I do the same thing! The first program I ever wrote was a very simple sudoku solver on a TI-84 calculator (it performed the constraint propagation logic that Norvig describes), and for every programming language I have learned since I have re-written that code.
The first one I'd seen was implemented in a Ruby book, and I agree it's a good yet moderately challenging problem to do. Once you're done solving the base case, making improvements like implementing a more efficient backtracking algorithm or drawing a board within a GUI can be added as well.
Edit: The book was 'The Ruby Programming Language' by O'Reilly Publishing, not 'Programming Python' as I originally thought, also published by O'Reilly.
Seems this is a common theme... I wrote a (no search) solver in Perl for a class a while back. Mostly wanted to see how far my own solution finding rules would get me without having to follow through on solving hundreds of puzzles myself.
I’ve always used an authoritative DNS server as my go to. Almost all code I write has to do some kind of network IO, so learning the nuances of how TCP and UDP sockets work is important to me. It also happens to touch on bitwise operations, data structures, and parsing, so it’s a great project to quickly become competent in a language (assuming you already know DNS well at a protocol layer).

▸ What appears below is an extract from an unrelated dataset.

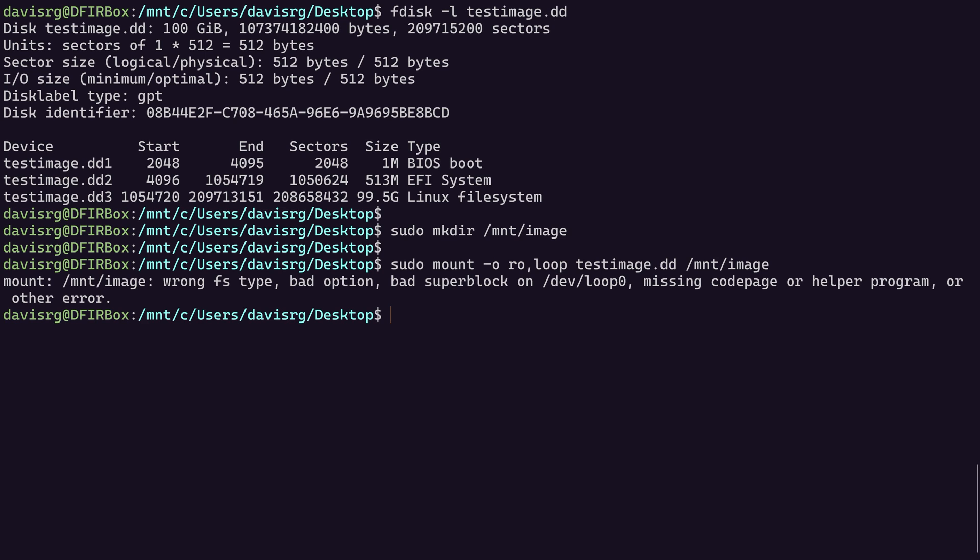Okay. So what are we doing wrong here? Well, for one thing, we need to specify the offset for this particular device, this third device, which is the Linux file system partition that we're trying to mount. So how do we do that? Well, you may have guessed that it has something to do with these numbers that you see here. Notice that we have a start, end, and sectors column. And under start, we have this value right here.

The other day we were at a restaurant and they gave my four year old a kids menu. One of the activities was a modified sudoku that went up to 6. My first thought was that I'd never realized you could do sudokus with other values of N.
But the really cool part was that once I taught her the rules (the constraints) she was actually able to figure it out without much help at all!
Turns out sudoku is a good way to teach kids logic, even at four years old.
You might want to check out KenKen puzzles. They are similar to Sudoku and were created by a math teacher as a fun learning tool. IMO, they are quite a bit more interesting than Sudoku puzzles.
As well as Kenken, I also like Killer Sudoku as a more interesting option than vanilla Sudoku. It's basically 9x9 Kenken with addition as the only operator, it uses a bunch of the same thought processes as Kakuro which I like too.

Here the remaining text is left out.